Set down, in full, every record in the block.

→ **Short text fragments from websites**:
=== Begin Enclosure ===
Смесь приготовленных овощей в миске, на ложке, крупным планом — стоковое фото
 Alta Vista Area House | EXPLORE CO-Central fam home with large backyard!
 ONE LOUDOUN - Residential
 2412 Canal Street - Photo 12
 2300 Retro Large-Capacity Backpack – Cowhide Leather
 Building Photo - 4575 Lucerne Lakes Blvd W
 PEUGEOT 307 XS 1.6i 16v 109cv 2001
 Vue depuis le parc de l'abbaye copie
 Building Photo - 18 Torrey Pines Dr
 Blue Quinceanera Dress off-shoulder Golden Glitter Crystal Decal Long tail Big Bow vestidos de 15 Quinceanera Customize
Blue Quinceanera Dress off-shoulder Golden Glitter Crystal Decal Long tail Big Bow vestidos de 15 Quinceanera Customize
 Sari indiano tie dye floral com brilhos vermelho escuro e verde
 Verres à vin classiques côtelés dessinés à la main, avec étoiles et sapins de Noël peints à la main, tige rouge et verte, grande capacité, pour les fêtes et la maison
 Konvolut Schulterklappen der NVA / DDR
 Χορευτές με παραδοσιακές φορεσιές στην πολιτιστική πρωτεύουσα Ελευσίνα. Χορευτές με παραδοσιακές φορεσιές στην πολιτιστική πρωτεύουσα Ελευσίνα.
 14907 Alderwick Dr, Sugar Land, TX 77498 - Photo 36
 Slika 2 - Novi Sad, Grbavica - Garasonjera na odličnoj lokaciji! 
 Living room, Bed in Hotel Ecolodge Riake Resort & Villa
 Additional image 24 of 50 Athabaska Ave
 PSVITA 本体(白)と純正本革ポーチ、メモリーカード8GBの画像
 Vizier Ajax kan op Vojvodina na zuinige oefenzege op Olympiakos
=== End Enclosure ===
→ **Answer to this task**:
Смесь приготовленных овощей в миске, на ложке, крупным планом — стоковое фото
 Alta Vista Area House | EXPLORE CO-Central fam home with large backyard!
 ONE LOUDOUN - Residential
 2412 Canal Street - Photo 12
 2300 Retro Large-Capacity Backpack – Cowhide Leather
 Building Photo - 4575 Lucerne Lakes Blvd W
 PEUGEOT 307 XS 1.6i 16v 109cv 2001
 Vue depuis le parc de l'abbaye copie
 Building Photo - 18 Torrey Pines Dr
 Blue Quinceanera Dress off-shoulder Golden Glitter Crystal Decal Long tail Big Bow vestidos de 15 Quinceanera Customize
Blue Quinceanera Dress off-shoulder Golden Glitter Crystal Decal Long tail Big Bow vestidos de 15 Quinceanera Customize
 Sari indiano tie dye floral com brilhos vermelho escuro e verde
 Verres à vin classiques côtelés dessinés à la main, avec étoiles et sapins de Noël peints à la main, tige rouge et verte, grande capacité, pour les fêtes et la maison
 Konvolut Schulterklappen der NVA / DDR
 Χορευτές με παραδοσιακές φορεσιές στην πολιτιστική πρωτεύουσα Ελευσίνα. Χορευτές με παραδοσιακές φορεσιές στην πολιτιστική πρωτεύουσα Ελευσίνα.
 14907 Alderwick Dr, Sugar Land, TX 77498 - Photo 36
 Slika 2 - Novi Sad, Grbavica - Garasonjera na odličnoj lokaciji! 
 Living room, Bed in Hotel Ecolodge Riake Resort & Villa
 Additional image 24 of 50 Athabaska Ave
 PSVITA 本体(白)と純正本革ポーチ、メモリーカード8GBの画像
 Vizier Ajax kan op Vojvodina na zuinige oefenzege op Olympiakos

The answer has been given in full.